Mentally I act 22. Physically I feel 35 (ok, maybe sometimes). But really I am middle aged. There is no question. Because no matter how much I try to act like a college student, I am not. How do I know? Let me count the ways.
- I may be in the best physical shape of my life at this moment, but if I sit in one position for longer than, let’s say, 8 minutes, my legs feel like they’ve been put through a chipper.
- When I’m done peeing, I’m not done peeing. I realize this only when somehow a little extra has escaped when I least expect it. I’m not sure why I am surprised when this happens.
- If I so much as look at a plate of nachos, I gain 2 pounds.
- I tragically mistook the guitar riff from Led Zeppelin’s “Communication Breakdown” for cicadas. But just for a second, until I came to what’s left of my senses.
- What’s with these kids listening to their music so loudly? Don’t they know they’ll go deaf?
- I have the memory of a goldfish. No really. Wait, what was I talking about?
- Reading glasses are now an accessory. Like a necklace with benefits. Sometimes you will see me with 2 or 3 of them piled on top of my head. You know, just in case I misplace a pair and can’t remember where I put it.
- There is hair where there shouldn’t be.

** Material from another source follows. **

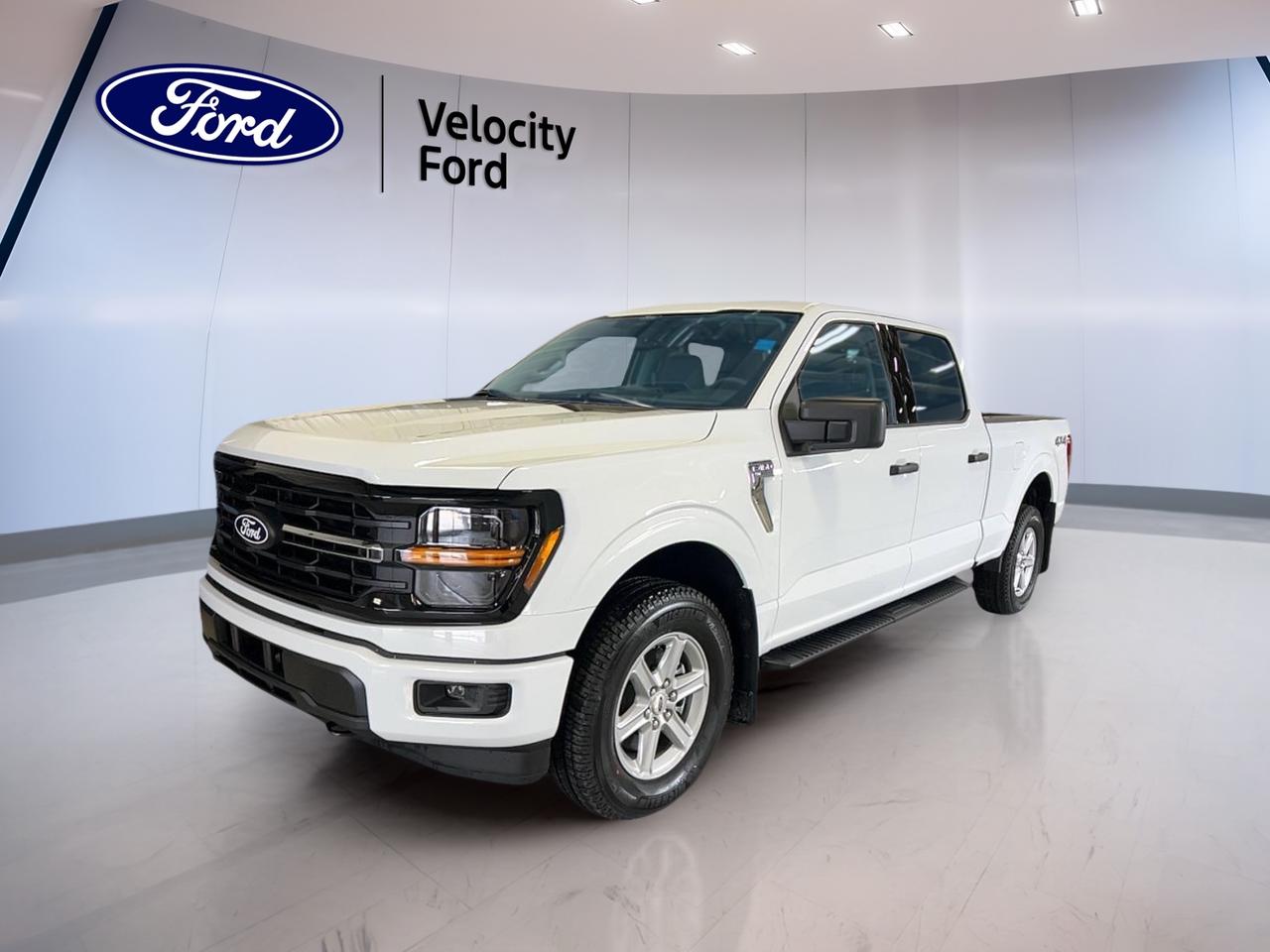 Built for work, family life, and long highway runs, the 2026 Ford F-150 XLT 4WD SuperCrew 6.5 Box delivers the capability Canadians expect from a full-size pickup. This brand new truck at Velocity Ford in Moose Jaw pairs a White exterior with a Dark grey interior, four full doors, automatic transmission, and a 3.5-litre unleaded engine.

Like at the end of my chin. And extra long 4″ hairs growing from my brow. And they are gray. If I had known they were there, I would have plucked them. But I can’t see.

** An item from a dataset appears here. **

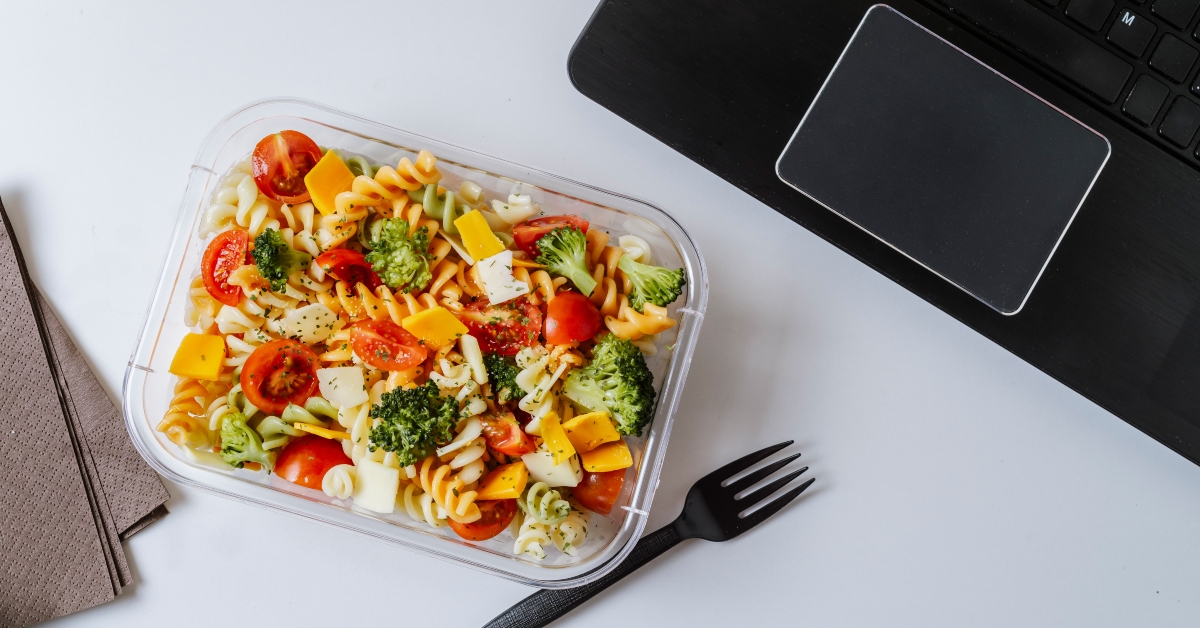 Healthy food in lunch box, on working table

- I recently spent a bit too much time trying to rub an age spot off the back of my hand.
- My knees have wrinkles. Even with all the cardio I do. When I run and look down, they appear to be frowning at me. My knees are not very inspirational.
- 2 drinks feel like 10. Even when it’s just Kool-Aid.
Ok, I’m done. I could go on, but I’m getting depressed. And I have to go and take my Metamucil. See you at the Early Bird Special.